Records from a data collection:

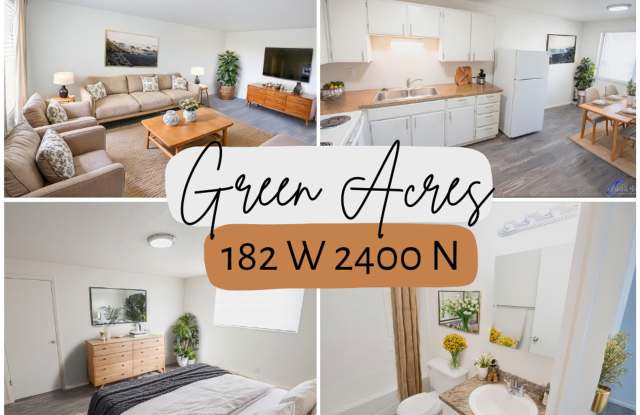 Green Acres
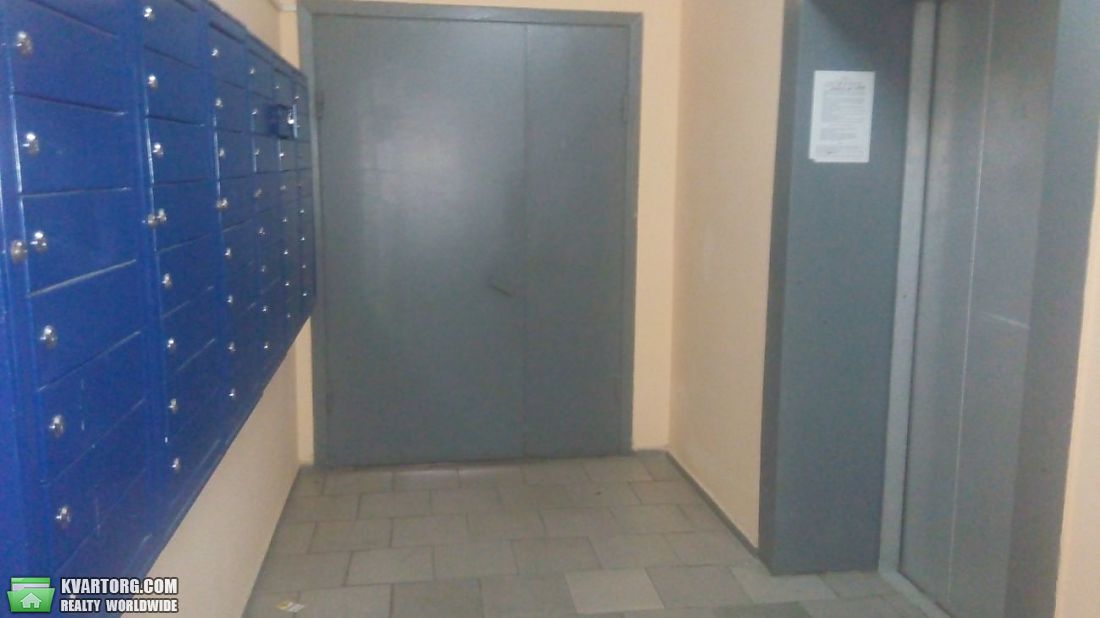 Sell 1-room apartment. Киев,  Бориспольская — photo 10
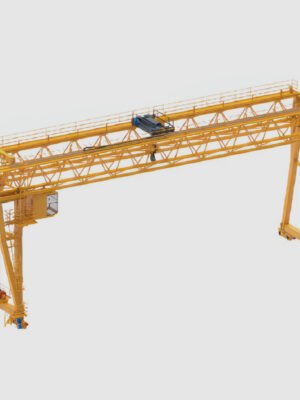 MG Truss Gantry Crane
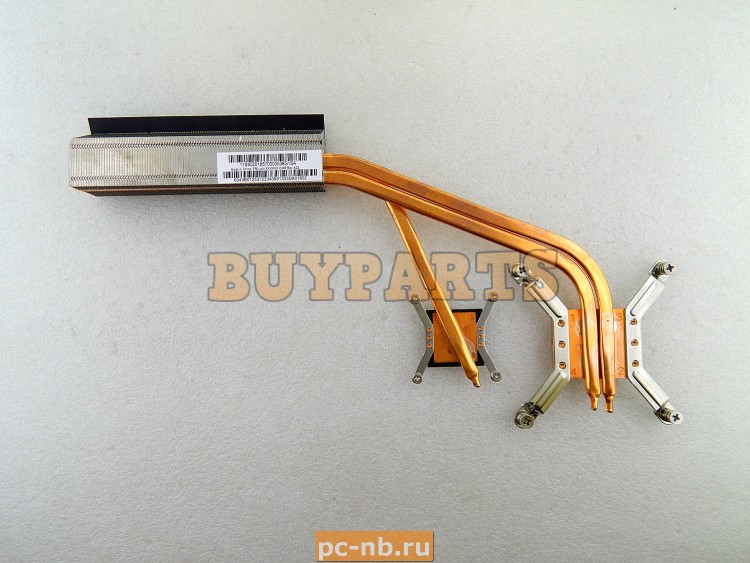 Система охлаждения для моноблока Lenovo C440 90201657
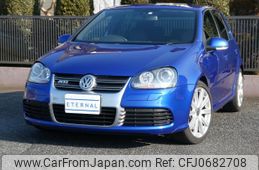 volkswagen golf 2008 quick_quick_ABA-1KBUBF_WVWZZZ1KZ8W181093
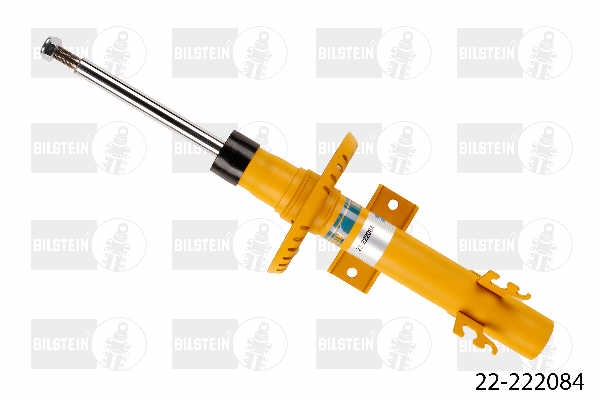 Bilstein Federbein VW Up Skoda Citigo Seat Mii VA B6 Hochleistungsdämpfer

Work instructions:
Would you give the data above again word for word, skipping any images?

Result of the exercise:
 Green Acres
 Sell 1-room apartment. Киев,  Бориспольская — photo 10
 MG Truss Gantry Crane
 Система охлаждения для моноблока Lenovo C440 90201657
 volkswagen golf 2008 quick_quick_ABA-1KBUBF_WVWZZZ1KZ8W181093
 Bilstein Federbein VW Up Skoda Citigo Seat Mii VA B6 Hochleistungsdämpfer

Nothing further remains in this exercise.